Unbuttoning her blouse, she stood in the middle of the living room, where cool air washed over her bare, bulging belly. Not as much as some bellies bulged at five months, perhaps, but she definitely no longer looked as though she’d just gone on a doughnut binge.

As in, soon people would start noticing.

Like, say, hunky neighbors and such.

Hunky neighbors who were surprisingly easy to talk to, given how uneasy and tongue-tied and awkward she usually felt around men.

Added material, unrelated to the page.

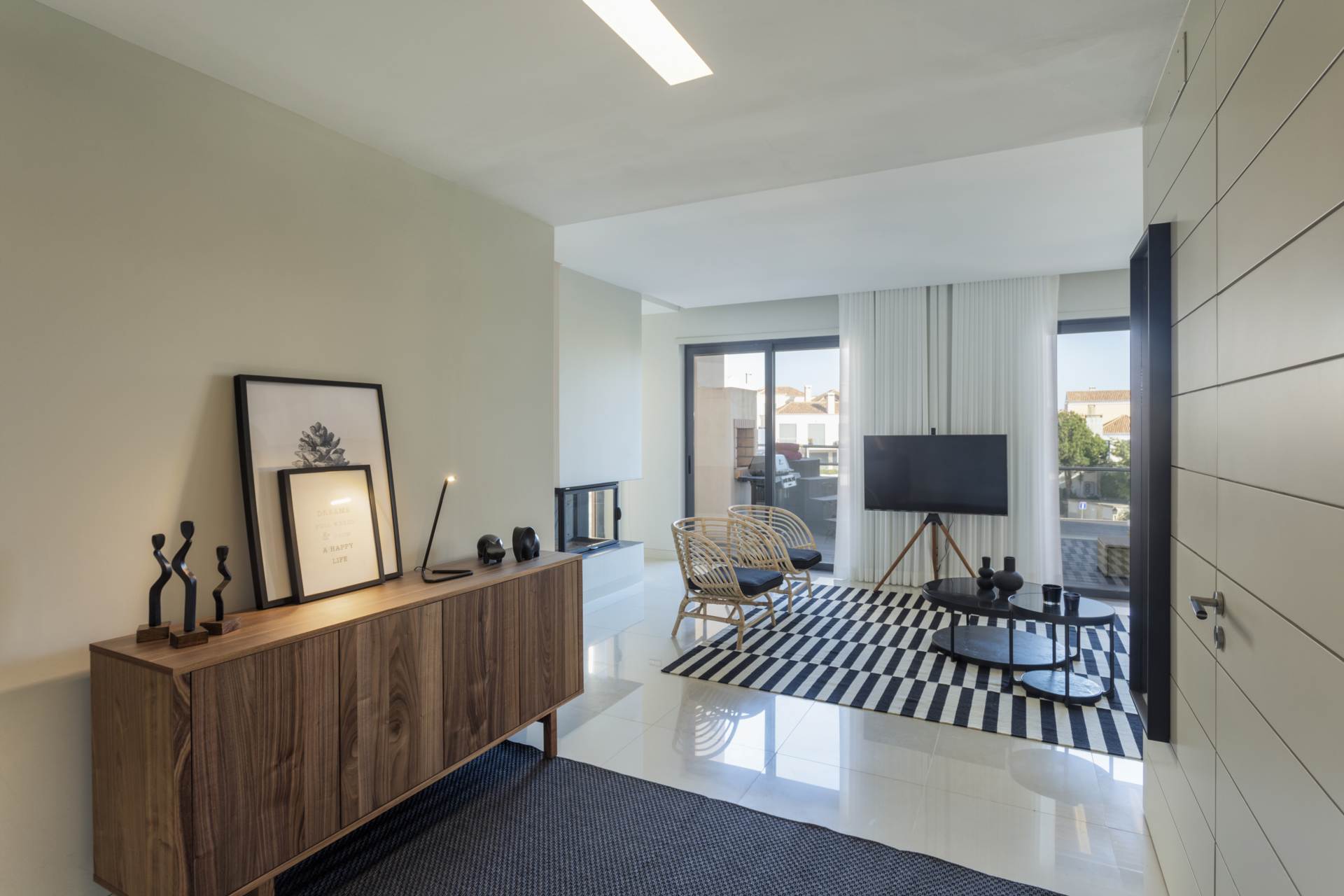 Apartment, Vale Do Lobo Resort, Algarve, Portugal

Not bothering to button her top—like who was gonna see?—Laurel returned to the kitchen for her own bottle of tea, reminding herself that even if she hadn’t been pregnant, Tyler and she would have never happened. For a whole slew of reasons, spoken, unspoken, sort-of spoken...whatever. That, frankly, as sweet a kid as he was—and as much as her libido was letting her fantasies run amok—compared with her, he was a kid. And she hadn’t been a kid since...well, ever, really.

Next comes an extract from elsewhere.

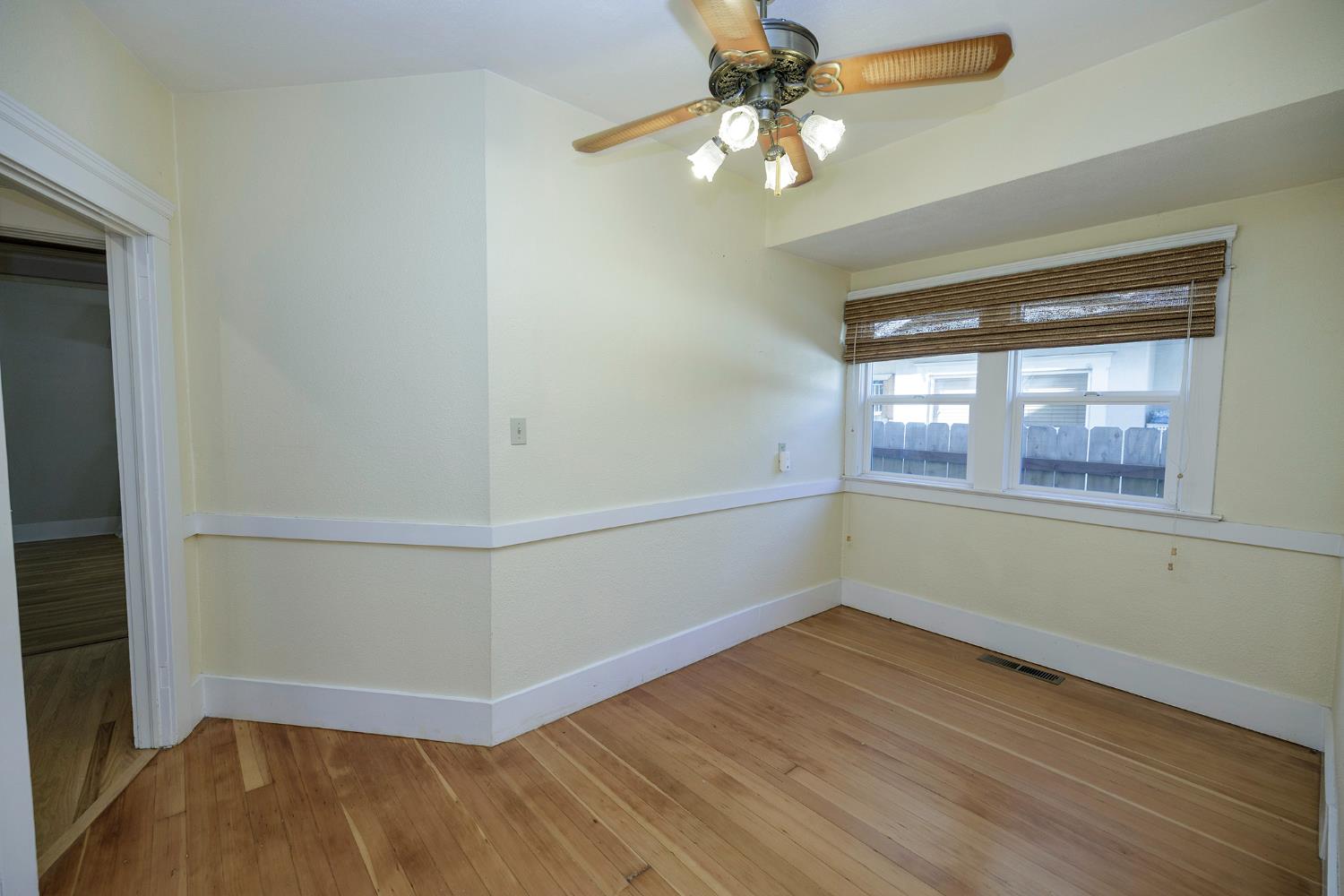 202 Hackberry Ave, Modesto, CA 95354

She twisted off the cap, took a long swallow, then rubbed the cold, smooth bottle to her overheated forehead. Because for too many years—and except for one single, if major, lapse of judgment—she’d been about what made sense. What was practical.

Which Tyler Noble was definitely not.

On her return to her living room, her laptop once more caught her eye. She should really try to get at least a couple pages done today. Except, you know what? Her deadline wasn’t for another month. And last week the words had flowed quite nicely, thank you. So if all went well she’d get the next book in well before the baby came, and then...

And then, she thought on a sharp intake of air.

Her life would change forever.

A little freaked, truth be told, Laurel plopped on her sofa and grabbed the remote, clicking through the menu until she found, of all things, a cooking show. Since, if she was going to be somebody’s mother, she should probably learn how to feed the kid.

Because that was the practical thing to do.

* * *

Judging from the sounds and scents when Ty stopped by his brother Matt’s after work to pick up the beast, everybody was in the backyard, where Matt’s fiancée’s kids rushed him and both dogs serenaded him like they’d been apart for years.

In front of the grill, Matt was tending enough burgers to feed all of Maple River. Boomer duly acknowledged and reassured, Ty scooped Aislin, Kelly’s curly-headed three-year-old, into his arms and marched over, his stomach rumbling and his head fizzing a little, like it always did when he was around kids. Especially cuties like this one.

“Weren’t expecting you ’til later,” Matt said, flipping the sizzling meat and sending a plume of cow-scented smoke wafting into the humid, early-evening air. “Thought you had a date.”

“She canceled,” he said. Matt gave him a look; Ty shrugged. “It was pretty much done, anyway.” His older brother gave a low chuckle. “What?”

“Nothing. You wanna stay for dinner? Kelly made potato salad that’ll make you weep, no lie. And some ridiculous dessert.” Ty’s future sister-in-law was a caterer. Damn good one, too. “Seriously, if you don’t help us eat this stuff, I’m not gonna fit in my uniform anymore.”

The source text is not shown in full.